ID Skeptic

At a client site, a few years ago, I had an interesting discussion with a ‘senior programmer’. Our discussion centred on a configurable home-page. A user could decide what news or other information etc, they wanted to display on their home page. They’d start off by being given a generic page - and the customer could add or remove certain types of content to customise their page. Once they saved the ‘new look’ site, their choices would be saved on the web-server.

The company didn’t want to force people to login, or even make them sign-up for an account. The goal was to keep it simple for the user. But they needed a way to uniquely identify the users, so they used an existing feature of the website. The first time a user came to the site, they were cookied with a ‘unique’ id ‘code’. We could then use this identifier as a key in our database to store the details of what the users had configured their homepage to look like.

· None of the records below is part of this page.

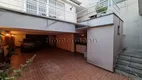 Foto 25 de Casa com 3 Quartos à venda, 150m² em Ipiranga, São Paulo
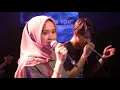Lagu Happy April Live at Get Well Show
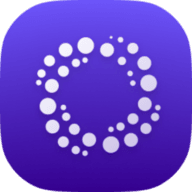 Afforai智能ai软件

The testers reading this will already be dreaming up but what if’s and other questions regarding the plan. When I was told of the plan, it seemed logical and sensible. It has its flaws, and many of these were known and accepted. For example: The users settings would not easily be transferred from one computer to another etc. The cookies containing the ID code were likely to be deleted over time, for various reasons. They were known, but the benefits were considered greater than the known problems.

One thing did stand out when I heard the plan though. As a software tester, I’ve become more sensitive to absolutes; I suspect I notice certain words more than non-testers. When I hear Never, Always, Unique, Every and similar words it’s like a red rag to a bull. (Maybe we should christen them matador-words, designed to engage the critical instincts in a good tester.)

In this instance, I’ve learned that unique is firstly a relative term and secondly rarely tested.

A relative term because many systems I’ve used and tested have had unique identifiers. Upon closer examination, they often end-up being unique to a development environment - but possibly repeated in test and live systems. Fine you think, until you see that developer’s test-orders might not be filtered out from real outgoing orders to suppliers. Or: unique to a country or language, until they attempt to merge databases to one large centralised and multinational system.

Sometimes it’s more fundamental, they just aren’t unique or maybe they are - but will soon ‘run out’. A good example I’ve seen of an ID that wasn’t unique is a timestamp. The idea being that a timestamp [to the millisecond etc] is unlikely to be assigned to multiple users. To be sure, a programmer might even synchronise the handout of the timestamps ensuring one is always before another. But what happens when you have 2 or even 100 servers? The chances of a clash soon become quite likely.

Another system I investigated had reliably unique identifiers or ‘IDs’, but the system was greedy and ‘grabbed’ many at start up. This combined with a flaky-system requiring many restarts per day - meant that the servers were ‘burning’ through vast amounts of the IDs and it was forecasted we would soon run out. A potentially quick fix - when we could see it coming, but it could of been a site-outing incident had it not been caught.

Another related issue I’ve seen is when the ID was unique, but the code used to look up matches for the ID was not correct, and didn’t treat it as such. The comparison was essentially, if one value contained the other value - return true. This issue didn’t show up at first, but did when one value was ‘6’ and it was compared with e.g.: ‘156899’ the ‘match’ was ‘good’. Unfortunately that code was for restarting production servers and caused approx 80% of the production servers to be restarted at the same time.

In this example the IDs appeared at first glance to be good. They consisted of a mixture of letters and numbers and were over 60 characters long. This means there was a lot of ‘ID-space’ and therefore: very many possible unique IDs. The programmer correctly thought that this number was so huge that the system could hand out new IDs, essentially ‘forever’, without ever duplicating a single one. Any suggestion otherwise was clearly short-sighted, and failing to ‘get the math’.

But actually, the programmer confused how the system ‘should’ work with how it ‘does’ work. What we are testing is the uniqueness itself – that’s part of the system under test. We shouldn’t assume that there might be bugs throughout the application - except in -that- critical but untested feature. When you question the behaviour of a piece of software, why stop when presented with a sacred cow in the form of the word ‘Unique’ or others such as ‘Random’. It would be foolish to depend on the foundation of a unique ID when testing an application built on it, especially when given no evidence of it’s ‘goodness’, other than faith.

What is often confusing to non-testers is that we question such things as ‘Uniqueness’. As discussed above, the system could be capable of generating good ‘unique’ IDs, but it’s another thing to be confident that it is actually doing so. There are many reasons the system you’re working with isn’t getting the unique input it requires. As a tester, questioning these assumptions and highlighting the risks we uncover provides valuable feedback to our customers.